**Dataset content:**

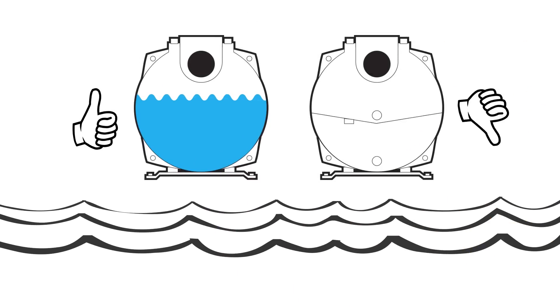Loss of prime simply means that there is no water in the pump casing. Without water your pump will not be functional.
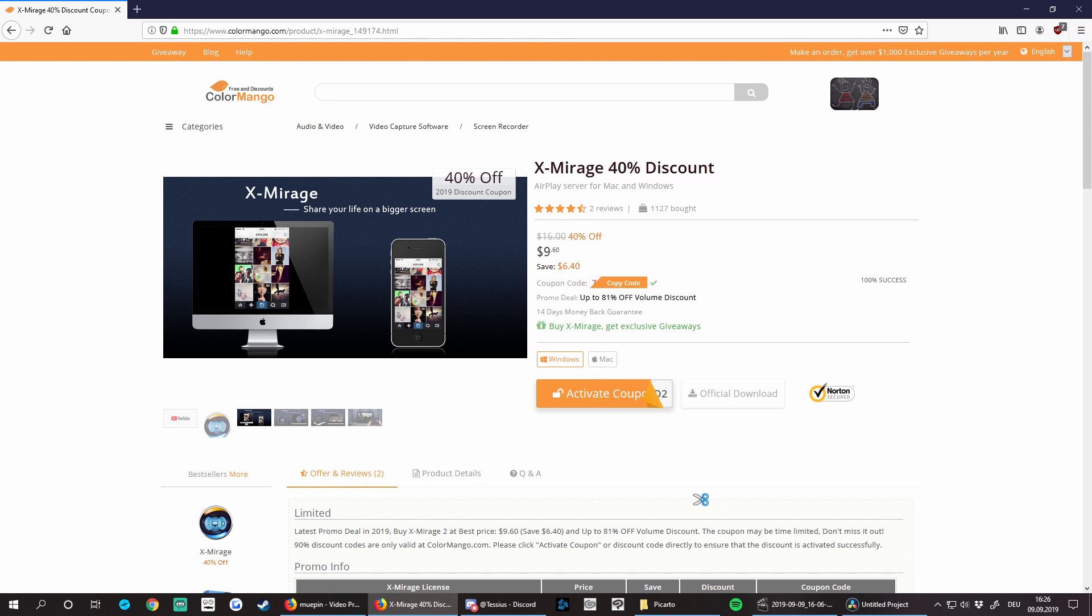After purchasing and installing X-Mirage you need to make sure that both your receiving computer and your iPad are connected to the same network. A better Wi-Fi connection will reduce lag from your iPad as well.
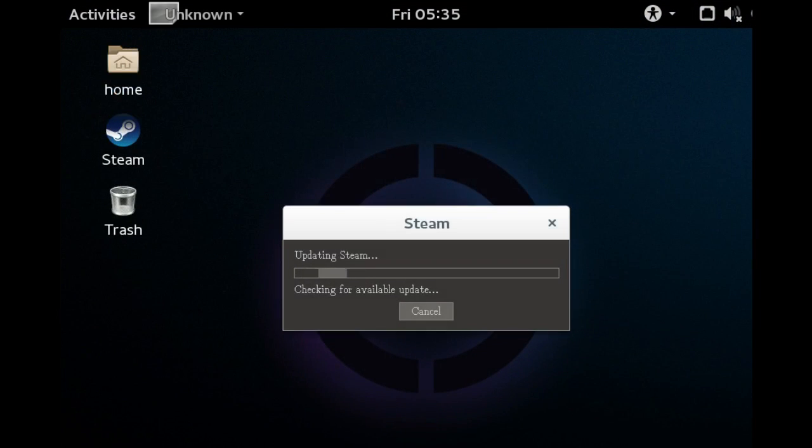Once SteamOS is installed, it will boot up to the GNOME desktop and then install the latest version of Steam.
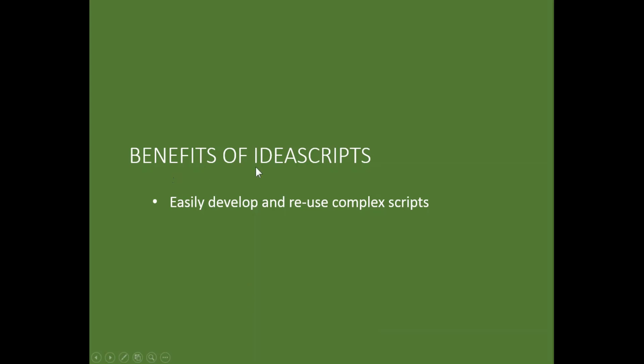So benefits of IDEA scripts. It allows us to easily develop and reuse complex scripts. Again, we can do scripts within an audit to do something that allows you selecting a vendor over and over again. Another thing you could do is if you have a certain operation you're using, let's say quarterly you want to review the general ledger and perform a series of operations, those can actually be programmed and can allow you to do continuous auditing or even to allow management to do continuous monitoring of data that they want to look at, say, every quarter or every month.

**Description of the task:** Write out the whole listing again, exactly, with no pictures.

**Written response:**
Loss of prime simply means that there is no water in the pump casing. Without water your pump will not be functional.
After purchasing and installing X-Mirage you need to make sure that both your receiving computer and your iPad are connected to the same network. A better Wi-Fi connection will reduce lag from your iPad as well.
Once SteamOS is installed, it will boot up to the GNOME desktop and then install the latest version of Steam.
So benefits of IDEA scripts. It allows us to easily develop and reuse complex scripts. Again, we can do scripts within an audit to do something that allows you selecting a vendor over and over again. Another thing you could do is if you have a certain operation you're using, let's say quarterly you want to review the general ledger and perform a series of operations, those can actually be programmed and can allow you to do continuous auditing or even to allow management to do continuous monitoring of data that they want to look at, say, every quarter or every month.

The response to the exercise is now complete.